Xinxing Tools' successful IPO approval has left unresolved questions regarding the authenticity of signatures and company seals on its filing documents. The signatures of senior executives across multiple versions of the prospectus appear identical, suggesting potential violation of Article 36 of the Rules for the Registration of Initial Public Share Offerings.
The Shenzhen Stock Exchange records show that Xinxing Tools passed its listing committee review on March 31. The company's IPO sponsor is Huatai United Securities, with Shanghai Jin Tian Cheng Law Office serving as legal counsel.

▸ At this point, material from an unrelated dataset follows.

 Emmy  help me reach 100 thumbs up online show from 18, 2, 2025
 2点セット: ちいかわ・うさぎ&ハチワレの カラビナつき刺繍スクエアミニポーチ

Market researchers have identified concerning similarities in signature pages across three filing versions dated January 16, 2026, February 21, 2026, and March 24, 2024. The signatures of directors, senior management, and audit committee members show nearly identical handwriting characteristics, stroke structures, and positioning, differing only in dates. Under normal circumstances, handwritten signatures by the same person at different times would show minor variations. The complete consistency across all signatures suggests possible digital reproduction rather than authentic resigning.
The company seals on the documents also display remarkable similarity in style, angle, and clarity, with only handwritten dates differing. This pattern aligns with characteristics of electronic or copied seals, reinforcing suspicions about signature page replication.

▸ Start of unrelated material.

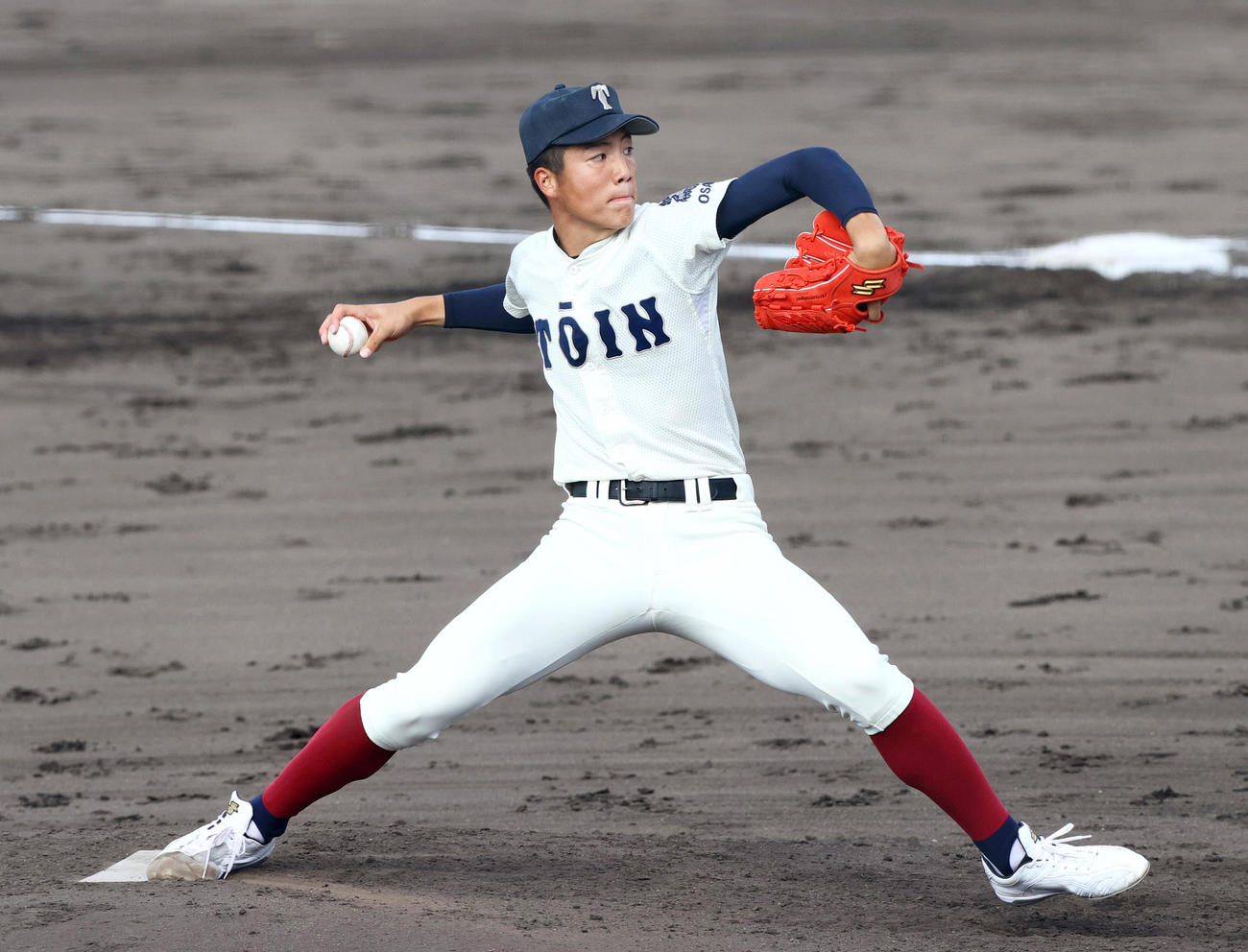 高田商対大阪桐蔭　力投する大阪桐蔭の平嶋（撮影・上山淳一）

Analysis using multiple AI identification tools produced varying conclusions. Baidu's system indicated it couldn't definitively determine whether signatures were made under identical conditions, while Alibaba's Qianwen tool concluded all signatures were authentic and seals came from the same physical stamp. Doubao's analysis found all signatures were identical reproductions from the same original, with seals being the same physical stamp showing normal variations in application.
The fundamental characteristic of handwritten signatures is their uniqueness and irreproducibility. Natural variations in stroke pressure, connection details, angle, and spacing should appear when the same person signs at different times. The complete consistency across documents filed months apart raises compliance concerns.
Article 36 of the Rules for the Registration of Initial Public Share Offerings requires that issuers and their directors, supervisors, and senior management must genuinely sign and seal the prospectus, ensuring its truthfulness, accuracy, and completeness. Article 52 of the parallel administration rules stipulates that if signatures or seals are forged or altered, regulators may terminate the review and prohibit reapplications for 36 months.
While electronic seals may be legitimately used for electronic submissions, with physical seals required for final meeting documents, the identical appearance of handwritten signatures across different versions and dates constitutes potential regulatory violation. Final determination would require examination of original documents by regulatory authorities or professional authentication institutions.